Wir können und müssen freilich sagen: beide Versuchungen, die wir nannten, beide falschen Alternativen – additive oder ideologisch- systematische Einheit – gehen auf eine gemeinsame Wurzel zurück, auf die Ideologie. Denn wer die Reflexion über die Voraussetzungen ausblendet und der bloßen „sachlichen Richtigkeit“ seiner Einzelerkenntnisse traut, der setzt ja eine abstrakte Sachlichkeit absolut, blendet die Reflexion auf die Voraussetzungen aus, die sie allein konstituieren und rechtfertigen, aber auch begrenzen und erweitern können, so daß er wider Willen und [5] ohne es zu merken doch genau den Tatbestand der Ideologie erfüllt: Immunisierung einer einzelnen, in sich möglicherweise durchaus richtigen Erkenntnis als absolutes Vorurteil, von dem aus das Ganze in den Griff zu bekommen ist.

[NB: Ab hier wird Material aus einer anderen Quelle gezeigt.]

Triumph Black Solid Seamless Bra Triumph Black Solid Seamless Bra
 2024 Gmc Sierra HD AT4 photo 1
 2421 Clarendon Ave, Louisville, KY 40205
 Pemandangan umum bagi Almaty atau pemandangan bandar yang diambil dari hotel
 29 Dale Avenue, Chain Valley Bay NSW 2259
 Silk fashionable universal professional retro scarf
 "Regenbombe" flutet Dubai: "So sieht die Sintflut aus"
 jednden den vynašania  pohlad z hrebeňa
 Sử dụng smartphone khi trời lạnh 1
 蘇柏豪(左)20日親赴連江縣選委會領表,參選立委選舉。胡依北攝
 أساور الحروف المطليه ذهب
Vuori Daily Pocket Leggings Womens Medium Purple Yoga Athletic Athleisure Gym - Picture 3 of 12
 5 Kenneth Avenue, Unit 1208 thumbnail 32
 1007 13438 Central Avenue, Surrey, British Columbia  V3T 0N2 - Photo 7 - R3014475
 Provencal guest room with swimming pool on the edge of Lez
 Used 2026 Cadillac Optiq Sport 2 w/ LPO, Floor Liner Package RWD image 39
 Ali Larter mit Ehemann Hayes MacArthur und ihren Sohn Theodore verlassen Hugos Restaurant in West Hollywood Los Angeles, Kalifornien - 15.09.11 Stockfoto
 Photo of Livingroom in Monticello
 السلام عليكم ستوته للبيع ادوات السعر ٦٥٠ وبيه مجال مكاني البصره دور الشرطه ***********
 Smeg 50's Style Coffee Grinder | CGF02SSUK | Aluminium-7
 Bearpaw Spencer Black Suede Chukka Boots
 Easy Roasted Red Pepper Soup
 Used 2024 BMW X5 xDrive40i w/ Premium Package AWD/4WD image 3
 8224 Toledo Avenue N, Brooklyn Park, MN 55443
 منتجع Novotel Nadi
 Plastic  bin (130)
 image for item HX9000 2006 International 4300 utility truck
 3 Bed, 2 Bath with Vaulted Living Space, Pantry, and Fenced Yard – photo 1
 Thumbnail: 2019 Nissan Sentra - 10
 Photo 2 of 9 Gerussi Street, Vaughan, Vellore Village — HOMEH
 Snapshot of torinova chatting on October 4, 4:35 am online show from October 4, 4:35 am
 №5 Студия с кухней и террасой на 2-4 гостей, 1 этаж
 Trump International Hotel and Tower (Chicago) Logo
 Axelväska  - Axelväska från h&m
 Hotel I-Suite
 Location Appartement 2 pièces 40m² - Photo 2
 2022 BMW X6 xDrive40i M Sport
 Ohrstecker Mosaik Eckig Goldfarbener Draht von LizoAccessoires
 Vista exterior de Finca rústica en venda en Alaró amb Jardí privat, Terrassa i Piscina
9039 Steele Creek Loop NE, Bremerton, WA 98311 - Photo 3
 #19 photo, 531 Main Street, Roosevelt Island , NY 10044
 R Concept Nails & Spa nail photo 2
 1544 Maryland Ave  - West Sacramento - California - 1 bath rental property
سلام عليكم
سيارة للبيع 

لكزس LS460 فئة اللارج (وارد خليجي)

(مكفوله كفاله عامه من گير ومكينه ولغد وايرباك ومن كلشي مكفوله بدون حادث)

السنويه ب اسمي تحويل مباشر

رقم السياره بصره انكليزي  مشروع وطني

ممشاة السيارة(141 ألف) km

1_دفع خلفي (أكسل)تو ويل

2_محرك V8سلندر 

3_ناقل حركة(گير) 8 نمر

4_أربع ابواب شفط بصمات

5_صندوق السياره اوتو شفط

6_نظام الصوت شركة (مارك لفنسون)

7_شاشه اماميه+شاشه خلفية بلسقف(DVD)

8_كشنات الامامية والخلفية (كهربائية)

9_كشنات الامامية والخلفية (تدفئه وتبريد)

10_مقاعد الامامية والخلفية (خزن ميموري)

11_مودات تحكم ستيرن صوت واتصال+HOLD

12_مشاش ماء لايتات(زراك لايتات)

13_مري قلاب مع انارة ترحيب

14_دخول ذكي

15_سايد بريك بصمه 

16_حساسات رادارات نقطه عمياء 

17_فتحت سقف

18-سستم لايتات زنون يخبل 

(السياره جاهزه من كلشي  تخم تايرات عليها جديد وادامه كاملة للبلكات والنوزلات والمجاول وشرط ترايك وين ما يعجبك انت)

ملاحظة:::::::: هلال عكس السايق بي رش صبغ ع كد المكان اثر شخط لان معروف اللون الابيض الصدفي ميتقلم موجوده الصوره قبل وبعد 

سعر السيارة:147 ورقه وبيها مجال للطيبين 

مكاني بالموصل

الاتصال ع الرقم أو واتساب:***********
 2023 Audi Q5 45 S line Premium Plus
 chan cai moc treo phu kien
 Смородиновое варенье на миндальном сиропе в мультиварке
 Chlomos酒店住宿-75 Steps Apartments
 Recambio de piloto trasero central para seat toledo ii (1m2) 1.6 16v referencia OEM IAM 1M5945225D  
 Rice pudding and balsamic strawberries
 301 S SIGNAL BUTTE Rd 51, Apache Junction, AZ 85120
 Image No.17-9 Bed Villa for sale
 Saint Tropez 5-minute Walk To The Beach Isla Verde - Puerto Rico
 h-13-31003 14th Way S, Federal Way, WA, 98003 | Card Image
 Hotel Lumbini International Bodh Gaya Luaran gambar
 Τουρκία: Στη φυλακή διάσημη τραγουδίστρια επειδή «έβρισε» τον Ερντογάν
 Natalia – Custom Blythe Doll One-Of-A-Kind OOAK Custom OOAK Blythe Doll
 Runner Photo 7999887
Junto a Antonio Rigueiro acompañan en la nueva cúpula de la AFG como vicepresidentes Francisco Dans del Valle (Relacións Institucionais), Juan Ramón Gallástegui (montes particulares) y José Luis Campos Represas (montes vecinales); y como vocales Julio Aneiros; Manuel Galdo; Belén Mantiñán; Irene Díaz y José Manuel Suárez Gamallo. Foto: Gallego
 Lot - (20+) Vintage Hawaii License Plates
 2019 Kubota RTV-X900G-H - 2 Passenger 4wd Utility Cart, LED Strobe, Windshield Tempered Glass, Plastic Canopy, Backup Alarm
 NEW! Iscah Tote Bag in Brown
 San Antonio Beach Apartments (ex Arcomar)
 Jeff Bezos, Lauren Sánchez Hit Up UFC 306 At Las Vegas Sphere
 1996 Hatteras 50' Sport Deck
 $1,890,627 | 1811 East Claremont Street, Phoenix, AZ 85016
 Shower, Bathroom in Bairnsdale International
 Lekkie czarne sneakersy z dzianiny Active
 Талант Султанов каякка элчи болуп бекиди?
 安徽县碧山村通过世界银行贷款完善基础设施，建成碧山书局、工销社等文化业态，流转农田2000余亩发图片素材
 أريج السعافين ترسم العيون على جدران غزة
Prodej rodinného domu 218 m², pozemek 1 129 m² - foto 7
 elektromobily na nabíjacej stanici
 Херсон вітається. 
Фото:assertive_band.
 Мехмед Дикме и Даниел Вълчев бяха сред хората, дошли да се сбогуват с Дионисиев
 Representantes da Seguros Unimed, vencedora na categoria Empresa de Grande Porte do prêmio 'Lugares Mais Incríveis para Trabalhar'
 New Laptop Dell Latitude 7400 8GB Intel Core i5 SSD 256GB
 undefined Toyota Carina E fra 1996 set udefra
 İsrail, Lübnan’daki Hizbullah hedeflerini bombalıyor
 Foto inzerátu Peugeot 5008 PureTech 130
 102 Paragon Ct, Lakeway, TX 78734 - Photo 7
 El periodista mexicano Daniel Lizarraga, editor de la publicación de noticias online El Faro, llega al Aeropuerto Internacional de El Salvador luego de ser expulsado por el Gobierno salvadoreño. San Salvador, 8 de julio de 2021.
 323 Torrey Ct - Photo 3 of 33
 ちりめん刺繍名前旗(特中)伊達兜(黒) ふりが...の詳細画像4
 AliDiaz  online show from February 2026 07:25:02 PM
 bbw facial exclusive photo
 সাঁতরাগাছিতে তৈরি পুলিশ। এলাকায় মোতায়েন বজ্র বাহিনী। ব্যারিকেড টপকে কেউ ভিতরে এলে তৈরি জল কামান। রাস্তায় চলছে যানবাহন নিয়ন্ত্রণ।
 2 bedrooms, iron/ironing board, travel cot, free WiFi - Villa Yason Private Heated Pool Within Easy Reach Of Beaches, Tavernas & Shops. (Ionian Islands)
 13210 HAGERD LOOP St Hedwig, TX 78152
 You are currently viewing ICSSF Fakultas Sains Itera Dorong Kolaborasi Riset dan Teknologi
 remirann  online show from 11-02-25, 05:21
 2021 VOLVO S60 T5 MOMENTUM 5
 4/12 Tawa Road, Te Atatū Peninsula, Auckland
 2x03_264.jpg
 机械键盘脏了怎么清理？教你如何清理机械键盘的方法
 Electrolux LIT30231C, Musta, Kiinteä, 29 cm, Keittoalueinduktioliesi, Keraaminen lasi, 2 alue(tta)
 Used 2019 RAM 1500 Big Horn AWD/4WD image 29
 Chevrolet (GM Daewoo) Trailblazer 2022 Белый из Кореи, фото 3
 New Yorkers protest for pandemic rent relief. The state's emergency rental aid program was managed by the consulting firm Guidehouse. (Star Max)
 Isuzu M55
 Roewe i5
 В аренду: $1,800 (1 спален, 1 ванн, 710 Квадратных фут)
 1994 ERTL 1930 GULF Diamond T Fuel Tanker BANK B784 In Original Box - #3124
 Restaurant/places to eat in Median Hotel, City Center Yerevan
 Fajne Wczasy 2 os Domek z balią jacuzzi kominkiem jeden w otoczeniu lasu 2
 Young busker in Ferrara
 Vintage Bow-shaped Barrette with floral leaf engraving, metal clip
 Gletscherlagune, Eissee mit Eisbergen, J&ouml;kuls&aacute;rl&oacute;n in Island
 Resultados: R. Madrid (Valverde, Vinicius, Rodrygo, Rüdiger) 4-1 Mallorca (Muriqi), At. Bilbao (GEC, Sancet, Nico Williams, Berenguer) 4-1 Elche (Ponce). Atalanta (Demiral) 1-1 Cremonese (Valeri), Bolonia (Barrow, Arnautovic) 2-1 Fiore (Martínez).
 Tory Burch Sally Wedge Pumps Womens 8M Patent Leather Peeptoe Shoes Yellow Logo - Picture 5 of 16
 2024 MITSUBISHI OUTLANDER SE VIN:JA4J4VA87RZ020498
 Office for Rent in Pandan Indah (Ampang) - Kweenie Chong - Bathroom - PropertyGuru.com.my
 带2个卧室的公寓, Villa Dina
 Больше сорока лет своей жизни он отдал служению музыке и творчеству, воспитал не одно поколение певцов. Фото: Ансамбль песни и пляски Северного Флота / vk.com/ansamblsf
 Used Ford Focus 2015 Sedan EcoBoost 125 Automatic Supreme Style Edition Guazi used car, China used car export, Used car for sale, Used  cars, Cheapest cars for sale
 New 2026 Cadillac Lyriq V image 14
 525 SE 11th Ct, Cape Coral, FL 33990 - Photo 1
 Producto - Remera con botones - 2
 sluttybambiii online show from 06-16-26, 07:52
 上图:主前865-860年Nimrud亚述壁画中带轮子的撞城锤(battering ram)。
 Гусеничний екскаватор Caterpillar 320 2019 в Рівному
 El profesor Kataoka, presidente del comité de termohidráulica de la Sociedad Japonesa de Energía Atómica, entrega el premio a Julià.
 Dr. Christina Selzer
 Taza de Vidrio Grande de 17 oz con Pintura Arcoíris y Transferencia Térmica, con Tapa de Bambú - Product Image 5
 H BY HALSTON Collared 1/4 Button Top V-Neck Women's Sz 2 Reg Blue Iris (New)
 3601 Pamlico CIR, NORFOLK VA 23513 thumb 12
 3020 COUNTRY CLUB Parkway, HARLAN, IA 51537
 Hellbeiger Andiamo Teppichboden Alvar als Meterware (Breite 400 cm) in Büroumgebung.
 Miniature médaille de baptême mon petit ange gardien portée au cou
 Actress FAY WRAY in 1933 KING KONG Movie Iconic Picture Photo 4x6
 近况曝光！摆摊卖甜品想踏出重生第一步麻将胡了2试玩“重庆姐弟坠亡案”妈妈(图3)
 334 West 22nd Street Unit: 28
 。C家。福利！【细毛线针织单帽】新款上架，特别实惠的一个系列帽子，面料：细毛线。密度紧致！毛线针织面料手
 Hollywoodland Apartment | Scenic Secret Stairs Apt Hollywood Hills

Wenn wir freilich in die Welt heute hineinblicken, werden wir entdecken: das Ideologieproblem, das Problem der Einheit, die entweder verweigert wird oder aber nur ideologisch zustande kommt und somit von innen her verfehlt wird, ist das Grundproblem der Menschheit. Es gibt ausdrückliche Ideologien, die den Sinn und die Zukunft der Menschheit steuern wollen, es gibt die implizite Ideologie eines technischen Apparates, der sich selbst überlassen, scheinbar pragmatisch, das Bild vom Menschen und damit seine Zukunft festlegt. Wo liegt die Alternative?

Die innertheologische Frage nach jener Einheit, die aus dem Geist Communio und Missio, innere Gemeinschaft und nach außen hin Zeugnis und Dialog ermöglicht, wird zum säkularen Problem unserer Stunde.

Wir müssen die zwei Grundlinien, die uns am Anfang, beim Blick auf die „Väter“ der theologischen Epoche, aufgefallen waren, nochmals weiterziehen, um für unsere theologische Gegenwartsaufgabe, die keine bloß innertheologische ist, Konsequenzen aufzuspüren.

Entfalten wir zunächst zwei Thesen.

  1. These: An den Knotenpunkten der Kirchen- und Weltgeschichte, besser: der Geschichte der Kirche in der Welt und mit der Welt, stellte sich immer wieder und immer neu das Grundproblem der Einheit.

  2. These: Große Theologie erwuchs immer aus einem geistlichen Weg; geistlicher Weg ist die Alternative zur Ideologie.